Well, no sooner did I finish Friday’s post than I checked bugguide.net again, and the folks there had been busy already! They pointed me to a great website for those who have no idea how to begin ID’ing a moth: mothphotographers. They have a great walkthrough of most (all?) of the moth families in the US, and if you, like me, have no idea where to begin, it’s extremely helpful.
The respondent at bug guide also proferred a tentative ID: Patalene olyzonaria, not uncommon in the Southeast, but a bit of a puzzle as to why it would appear inside my house. It seems to be a woodland creature, having a liking for juniper and pine needles.

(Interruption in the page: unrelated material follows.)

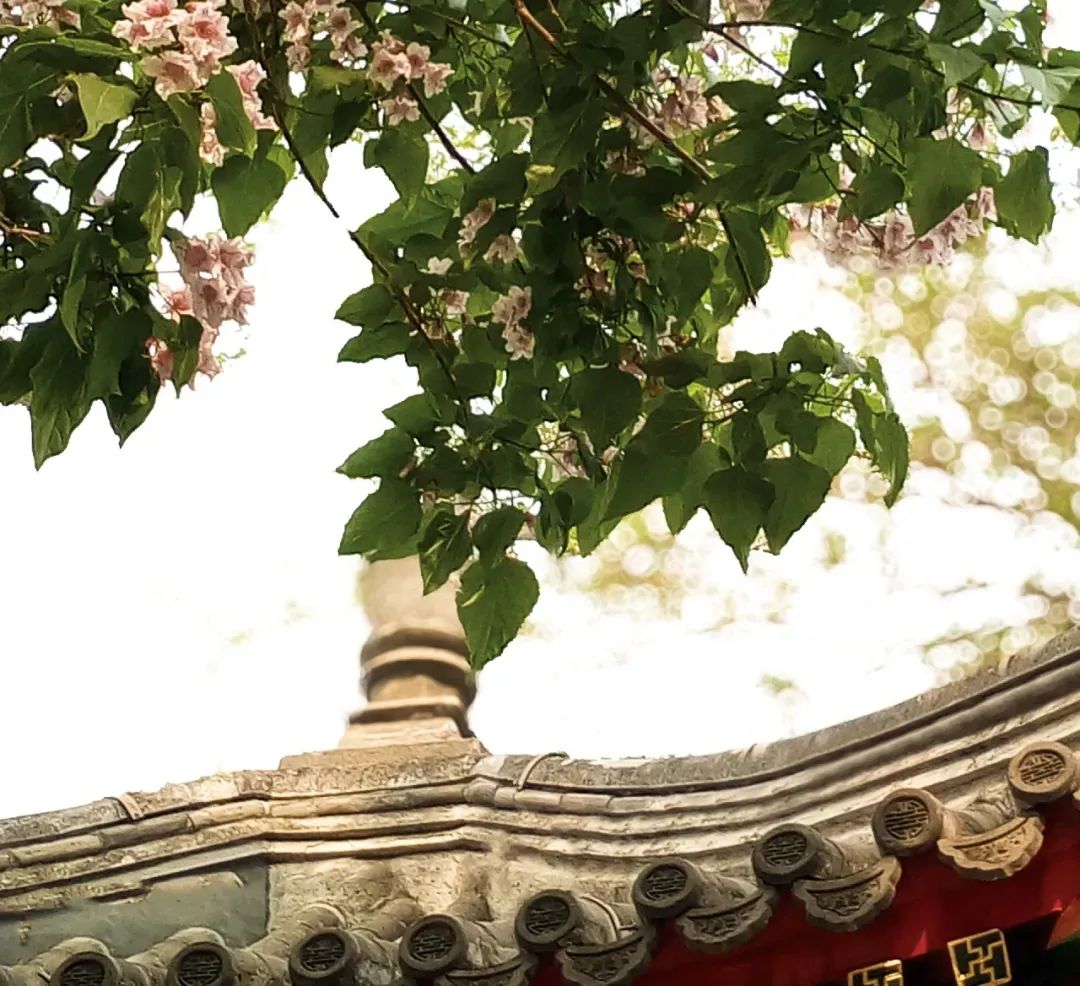 红墙白塔下的ta，是北京城悠久历史的见证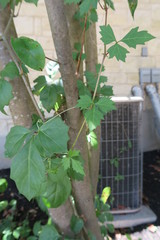 Cissus trifoliata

Here it is again, in case you’ve forgotten what it looks like:
It’s in the large moth family Geometridae, which gets its name (earth-measurer) from the way the larvae move around: for those of you who know it, it’s the “inchworm” gait; for those of you who don’t, here is Wikipedia’s attempt to describe it:
The name “Geometridae” ultimately derives from Latin geometra from Greek γεωμέτρης (“geometer, earth-measurer”). This refers to the means of locomotion of the larvae or caterpillars, which lack the prolegs of other Lepidopteran caterpillars in the middle portion of the body, with only two or three pairs at each end. Equipped with appendages at both ends of the body, a caterpillar will clasp with its front legs and draw up the hind end, then clasp with the hind end (prolegs) and reach out for a new front attachment – creating the impression that it is measuring its journey.
A picture would be worth a thousand words here, don’t you think:
I’m still trying to track down the etymology of Patalene; the best I can do so far is some form of Sanskrit, either Pâtâla, the nether world, or potala, “a station for ships,” from pôta, vessel, which was a place name for a village on the Indus river delta in Alexander the Great’s time. That latter is not impossible, but not particularly plausible, either, given that moths are often associated with darkness and the netherworld, so a genus name that means nether world makes a lot of sense. But I don’t have the whole story, so I’m just speculating here.
An even more plausible etymology would be that it’s an eponym. The German entomologist G.A. Herrich-Schäffer (often misspelled Herrick, and Schaeffer appears any number of ways) named the genus, but I don’t have anything more to go on, so I won’t go on any further.